ISO 14 001. Cette norme européenne » repose sur le principe d’amélioration continue de la performance environnementale par la maîtrise des impacts liés à l’activité de l’entreprise. »
Quoi d’autre ? » Elle n’énonce pas d’exigences pour la performance environnementale, mais trace un cadre qu’une entreprise ou une organisation peuvent appliquer pour mettre sur pied un système efficace. » En gros, l’entreprise peut polluer mais elle » fait le nécessaire pour tenter d’atteindre les objectifs qu’elle s’est elle-même fixée dans son plan d’action « . Ambitieux…

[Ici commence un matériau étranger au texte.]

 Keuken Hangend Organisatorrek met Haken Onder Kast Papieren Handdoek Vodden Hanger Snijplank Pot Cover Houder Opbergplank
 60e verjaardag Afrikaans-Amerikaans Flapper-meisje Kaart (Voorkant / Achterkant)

IMPRIM VERT. À pour devise : « Imprimer c’est laisser une trace sur une surface, pas sur l’environnement ! » Là encore, c’est un label créé par les industriels et les chambres de commerce. Mais, cette fois, le cahier des charges s’avère beaucoup plus strict : » élimination des déchets nuisant à l’environnement, sécurisation des liquides dangereux, non utilisation de produit dits “toxiques”, sensibilisation à l’environnement dans l’entreprise, suivi mensuel des consommations énergétiques « .

Et les salariés ?
L’entreprise qui produit notre papier c’est UPM. Un groupe finlandais, l’un des plus grands papetiers de la planète. Et en août 2011, cette entreprise a annoncé 1100 licenciements en France, en Allemagne et en Finlande.
Notre usine à nous, à Rouen, n’est pas encore sur la sellette. Celle de Stracel, près de Strabourg, en revanche, si : » Le site est viable, les résultats d’exploitation sont positifs, d’après le délégué CGT Patrick Bertin. Nous avons même terminé d’amortir les nouvelles machines. Mais près de 250 emplois sont menacés « .

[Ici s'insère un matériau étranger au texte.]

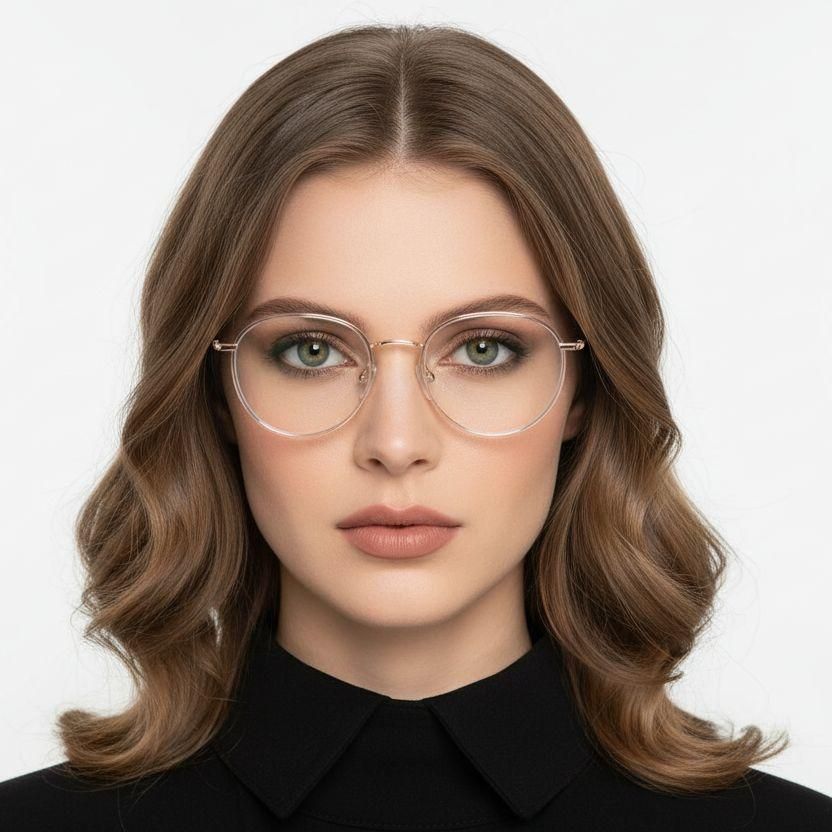 Oval Pink Metal Glasses #BS0406-0512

L’explication des patrons ? » L’industrie du papier doit faire face à des défis très importants à cause du coût élevé des matières premières, de l’énergie et de la logistique et de fortes surcapacités. » Et surtout, » le groupe vise un niveau de profitabilité de l’ordre de 9% sur chacune de ses divisions » selon un rapport du cabinet de conseil Secafi. Nettement plus que la moyenne de l’industrie. » Les fermetures prévues sont dramatiques pour les salariés concernés, s’émeut la com’ du groupe, mais la restructuration est le seul moyen pour améliorer radicalement la compétitivité de notre activité papier. »

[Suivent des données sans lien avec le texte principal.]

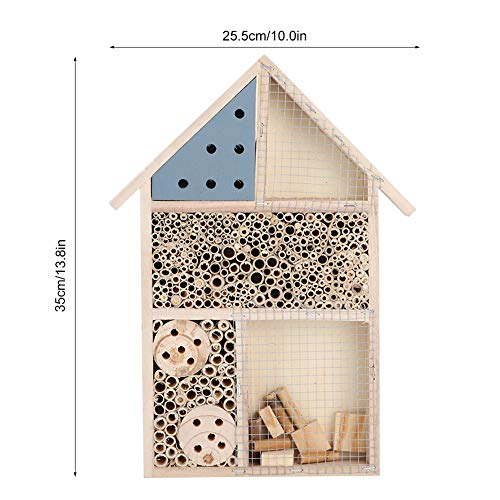 Casa de insectos de madera de 35x25,5 cm para nidos de abejas de jardín 8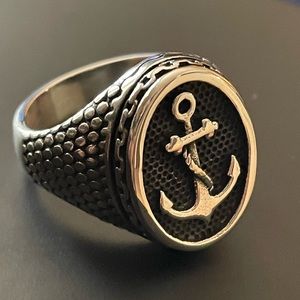 Mens Anchor Ring Stainless Steel Size 13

L’enjeu, en fait, c’est un partage du marché européen – sur un secteur pas franchement en plein boom : » UPM se recentre sur le papier à écrire et ferme Stracel, son usine de papiers spéciaux à Strasbourg, analysait ainsi Eric Lardeur, le délégué CGC d’une autre boîte, M-Real. » Stora Enso ferme une cartonnerie en Allemagne et se recentre sur les papiers spéciaux. M-Real ferme la papeterie d’Alizay, qui alimente une partie de la France et de l’Europe en ramettes A4 et A3, pour se consacrer à la cartonnerie. La boucle est bouclée. Chacun arrange le copain et continue à gagner de l’argent. » Et tout ça, à cause des » accords de sauna « , le pendant scandinave des négos pousse-café, pour » réduire les capacités de production européenne et maintenir les prix « .
À Stracel, la grève est déjà là. À Rouen, et maintenant dans une autre usine du groupe, à Corbehem (Pas-de-Calais), on s’y prépare. Du coup, vous étonnez pas si prochainement vous ne recevez pas votre Fakir, c’est pas qu’on se la coule douce dans notre jacuzzi. Juste qu’on n’aura plus de papier.
Les papelards
du journal
Origine du papier :100% recyclé.
Tirage :30 000 exemplaires.
Pertes au tirage :10 à 12 % par tirage.
Les pertes sont recyclées.
Pertes dans les ventes :15 000 exemplaires au pilon.
Les pertes sont recyclées.
Encre : minérale. Entreprise :Huber (Suisse)
Film Plastique pour abonnements :polypropylène bio-dégradable.
Entreprise :Alembal (Rhône)
Les voyages
d’un Fakir
Papier : Gennevilliers – Rouen (200 km par voie fluviale),
Rouen – Fouilloy (140 km en camion).
Distribution : Fouilloy – Paris : (150 km) puis La Poste.